Monica Vitti: autentica, ironica e femminile

Non mi interessa elogiare Monica Vitti. Non voglio raccontare una carriera indiscutibilmente straordinaria e non intendo darne una visione critica o pseudo tale, perché non è il mio ruolo. E, soprattutto, perché non è interessante per me.

Quello che invece voglio spiegare è perché mi piaccia così tanto. Che cosa suscitino in me la sua figura, i suoi personaggi, gli atteggiamenti e la sua voce, unica e riconoscibile tra mille. Di questo voglio parlare oggi che Monica Vitti compie 90 anni e che da ben 20, purtroppo, non la vediamo più.

Monica Vitti è un’attrice, è vero, ma questo mi pare riduttivo perché non dice nulla in realtà di lei. Quello che la rende eccezionale ed eterna in questo panorama è la sua autenticità. Per me, prima di tutto, è autentica. Ogni personaggio che interpreta non è caricato, non è una macchietta, non appartiene ad uno stereotipo, neanche quando poteva scivolarci con facilità, penso a “La ragazza con la pistola” dove il cliché della tipica donna meridionale poteva saltare fuori in un attimo, e invece non succede. Perché? Perché Monica è credibile. Il suo personaggio – e come questo moltissimi altri -, si regge con solidità su aspetti della sua personalità che lo rendono indiscutibilmente vero, semplicemente perché lo è. Anche Assunta Patanè, come le altre, sono lei.

Certo questa considerazione non è che un aspetto della sua complessità. Sì, perché essere autentici è innanzitutto un privilegio di cui non godiamo tutti, sia chiaro, che da solo, però, non basta. In Monica c’è altro oltre a questo, ed è un altro che ha una forza dirompente: il non prendersi sul serio. Non assume mai atteggiamenti da diva – eppure ne avrebbe avuto anche la possibilità -; non si è montata la testa dopo il successo che immagino arrivi in maniera travolgente nella vita di una persona che, per quanto possa amare la recitazione, fino in fondo non ci è mai preparata davvero. Lei non si “sente” qualcuno perché, banalmente, lo è. E non ha bisogno di utilizzare nessuna sovrastruttura perché c’è una base ed è molto solida. L’ironia le permette di restare a contatto con la sua autenticità e di non cedere mai il passo all’ostentazione, chi si prende in giro non può esibire. Mai. Semmai può sottolineare, in maniera intelligente e con arguzia, i propri punti di forza. Come fa lei, appunto.

Il film che amo di più è “Ninì Tirabusciò, la donna che inventò la mossa”, una pellicola straordinaria intanto perché parla del varietà che, a mio avviso, è una delle più alte e nobili forme di spettacolo, e poi perché qui esalta la sua femminilità. Un concetto complesso e assimilabile al sacro (pensiamo al femminino sacro, ad esempio), che oggi quasi viene utilizzato mal volentieri, perché finisce per essere assimilato alla fragilità.
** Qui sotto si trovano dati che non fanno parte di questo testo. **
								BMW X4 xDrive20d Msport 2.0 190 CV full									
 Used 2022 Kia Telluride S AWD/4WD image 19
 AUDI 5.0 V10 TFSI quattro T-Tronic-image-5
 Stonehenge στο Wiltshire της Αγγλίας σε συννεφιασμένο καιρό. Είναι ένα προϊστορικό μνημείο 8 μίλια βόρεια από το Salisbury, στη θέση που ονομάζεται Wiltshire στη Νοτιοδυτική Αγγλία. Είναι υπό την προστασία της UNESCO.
Quello di Monica è un femminile profondo, fisso, saldo, che richiama quei connotati sacri e bestiali di amore totale e di spinta all’elevazione che sono propri della figura della donna, l’esatto opposto di chi “scimmiotta” il femminile (e oggi ne siamo sommersi) con atteggiamenti ostentati e svampite manifestazioni di presunte fragilità, risultando istantaneamente finto. Monica si muove in un mondo molto maschile, ricordiamolo, si confronta con straordinari mattatori del cinema italiano, tenendo il loro passo alla perfezione e, certe volte, superandoli. E come fa? Per essere vista e credibile non ha bisogno di sedurre, semplicemente le accade, istantaneamente, qualunque sia il personaggio che ha davanti, con l’eleganza e la disinvoltura di chi recita per cercare quella parte di se stessa e non con lo scopo di fare colpo o essere la più brava. E finisce poi per diventarlo.

Questo mix di caratteristiche e attitudini che possiede la rendono iconica e immortale. Non importa se da ben 20 lunghi anni non dà notizie di sé perché basta dare un’occhiata in giro e ci accorgiamo di come sia sempre, costantemente, presente. Certo, dal mio punto di vista dico che non viene mai omaggiata abbastanza, ma chissà magari sono le ambizioni di una cieca fan. Oppure è il bisogno di rivedere quella sua autenticità, per ricordarmi quanto abbiamo bisogno di essere autentiche senza competere o imitare. Solo essere.

Buon compleanno Monica, la mia intervista impossibile.